This is a House of Commons Committee report, with recommendations to government. The Government has two months to respond.
This is the report summary, read the full report.
The Ministry of Defence (the Department) is not well set up to implement digital change at pace and scale, and must fundamentally change the way it operates to do so. While it has put in place a new digital strategy which acknowledges and seeks to address this, the Department does still not have a delivery plan which will allow it to track and measure its performance effectively.
The Department operates a vast digital estate comprising over 2,000 systems and applications for 200,000 users, ranging from administrative and back-office IT to military platforms such as ships and satellites.
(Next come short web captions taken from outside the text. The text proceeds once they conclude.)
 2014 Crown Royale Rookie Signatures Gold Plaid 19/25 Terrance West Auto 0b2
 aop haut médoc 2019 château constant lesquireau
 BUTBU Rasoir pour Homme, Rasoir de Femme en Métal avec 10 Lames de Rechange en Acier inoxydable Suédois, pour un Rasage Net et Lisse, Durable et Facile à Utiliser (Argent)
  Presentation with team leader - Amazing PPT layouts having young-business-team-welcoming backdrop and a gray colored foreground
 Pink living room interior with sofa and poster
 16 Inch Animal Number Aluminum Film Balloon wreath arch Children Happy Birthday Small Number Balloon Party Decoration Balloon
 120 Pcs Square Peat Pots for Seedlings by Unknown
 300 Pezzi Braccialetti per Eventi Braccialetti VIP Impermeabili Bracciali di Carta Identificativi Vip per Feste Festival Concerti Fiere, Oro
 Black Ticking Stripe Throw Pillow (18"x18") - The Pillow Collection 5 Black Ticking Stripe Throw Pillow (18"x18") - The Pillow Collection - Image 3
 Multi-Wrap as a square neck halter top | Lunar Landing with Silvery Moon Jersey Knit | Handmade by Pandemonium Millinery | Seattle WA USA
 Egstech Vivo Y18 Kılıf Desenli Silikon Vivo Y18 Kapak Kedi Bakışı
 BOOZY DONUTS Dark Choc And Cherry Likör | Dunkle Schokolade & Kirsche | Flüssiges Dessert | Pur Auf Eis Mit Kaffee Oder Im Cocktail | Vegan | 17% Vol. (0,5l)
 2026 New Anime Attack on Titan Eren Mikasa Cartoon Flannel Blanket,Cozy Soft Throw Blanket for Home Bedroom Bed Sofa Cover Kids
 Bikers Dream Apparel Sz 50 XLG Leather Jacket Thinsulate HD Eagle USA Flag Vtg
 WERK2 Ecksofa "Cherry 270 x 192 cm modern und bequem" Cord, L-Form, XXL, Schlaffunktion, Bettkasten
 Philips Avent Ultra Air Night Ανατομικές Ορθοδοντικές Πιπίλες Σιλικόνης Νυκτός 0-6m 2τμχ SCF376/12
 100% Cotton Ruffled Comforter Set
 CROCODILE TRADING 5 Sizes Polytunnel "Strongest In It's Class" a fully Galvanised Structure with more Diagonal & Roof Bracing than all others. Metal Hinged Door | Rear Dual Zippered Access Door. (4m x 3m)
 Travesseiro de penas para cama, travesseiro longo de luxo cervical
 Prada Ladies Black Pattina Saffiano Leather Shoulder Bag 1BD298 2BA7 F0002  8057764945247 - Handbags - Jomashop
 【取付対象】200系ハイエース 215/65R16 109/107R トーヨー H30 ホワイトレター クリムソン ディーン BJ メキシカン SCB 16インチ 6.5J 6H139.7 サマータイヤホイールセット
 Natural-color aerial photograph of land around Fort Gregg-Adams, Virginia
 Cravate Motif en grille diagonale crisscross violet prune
Much of this estate is made up of legacy systems, with the Department’s central Defence Digital organisation having estimated in 2019 that it would need to spend £11.7 billion updating or replacing legacy systems over the following decade. Since then, the Department has struggled to deliver the major programmes which are designed to replace these systems. Of the five whose performance is reported publicly by the Infrastructure Projects Authority in its 2021–22 annual report, it found three had significant issues (‘amber’) and two were unachievable (‘red’).
One of the key delivery issues the Department must address is filling critical gaps in its digital personnel and upskilling current military and civilian staff. The Department struggles with the pay it can offer candidates, the location of some of its posts, and the extended security vetting times needed for new entrants, which in some instances can take over 200 days.
The rapid deployment and exploitation of new technology is now at the very heart of the defence of the realm, and the urgency of this challenge is demonstrated by the current conflict in Ukraine. If the Department is to get to grip with these large and pressing challenges and successfully deliver the objectives of its new strategy by 2025, organisational and cultural change must be required. As an early ‘down payment’ on this, the Department’s digital action plan, now expected in April 2023, must display a genuine sense of urgency to address these serious issues, accompanied by a thorough, realistic and costed programme for doing so.